The Wine Wankers is a fun blog that I enjoy following, and last December they featured a post on a trip to the launch of the Brokenwood Graveyard Shiraz. It was a fun day, and you can read more about that here: http://thewinewankers.com.au/2013/12/17/brokenwood-graveyard-launch-i-just-wanna-commute-to-my-destination-in-a-civilised-manner/
One of the items in Branxton of great interest to me is Leconfield House. It was built in 1872 for Reginald Wyndham, son of George Wyndham, founder of the winery Wyndham Estate. The home is a white two-storey brick home with a red corrugated iron roof, stone foundations quarried near-by and hand made bricks made and fired on site. Many, many years ago I knew the couple who owned it as a private home, and had the pleasure of visiting there. I love these stately old homes, with their large rooms, high ceilings and fireplaces, and it is such a delight that the people who subsequently bought it were able to renovate it, and now run it as a B&B. One weekend, a group of us booked out every room, all five of them, and had a wonderful couple of days living it up in grand style. (http://www.leconfieldhouse.com.au/)
Back with the in-laws, we had a “home night”, dining and drinking and watching a bit of television. The next morning Bill and his brother headed off to watch a golf pro-am championship that was on that weekend at Branxton. On a previous visit, there had been an opportunity for regular golfers to play a round with the professionals. Sister-in-law and I called in on our way elsewhere, just in time for me to see Bill duff his first shot of the day.
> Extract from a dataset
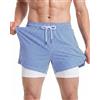 maamgic Uomo Pantaloncini da Surf 2-in-1 con Compressione | 5 5' Pollici Interni Asciugatura Rapida Costume da Bagno Corti con Tasche Interna Strisce Blu Bianco 5.5 M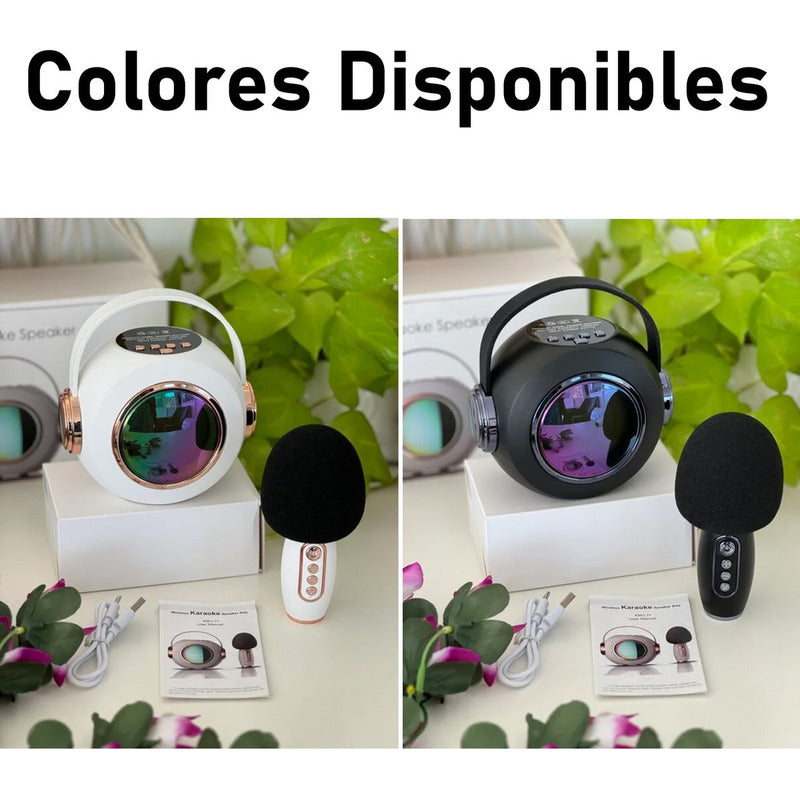 Parlante Con Micrófono 5 Efectos De Voz Bluetooth Luces Rgb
Bill plays an awful lot of golf, several times a week; and he has been playing at least once a week for thirty years. I don’t often go to watch him, and seeing this particular shot did make me wonder whether, “Honey, I’m off to golf” is actually just a cover for some other activity he doesn’t want me to know about 🙂
On this day, sister-in-law and I headed for a glass blowing studio – the Ogishi Craft Centre. http://www.ogishi.com.au/ The workmanship and design were divine, and I hoped to get something handmade for the apartment here. I was out of luck for what I wanted, but I managed to get a nice gift for her, in time for her sixtieth birthday the next weekend. Anyone visiting these areas is recommended to take time away from the wineries and explore what the various artisans have on offer, and Ogishi offer an on-line store also.
All along our trip, the pets have been as much a personality as our hosts. This couple used to own a pet shop, and the house used to be full of dogs and cats and other assorted animals – including a rat if I remember correctly. All of them have died over the years, yet on this weekend they were baby-sitting a miniature collie dog for a friend. So we weren’t without animal company on this stop either!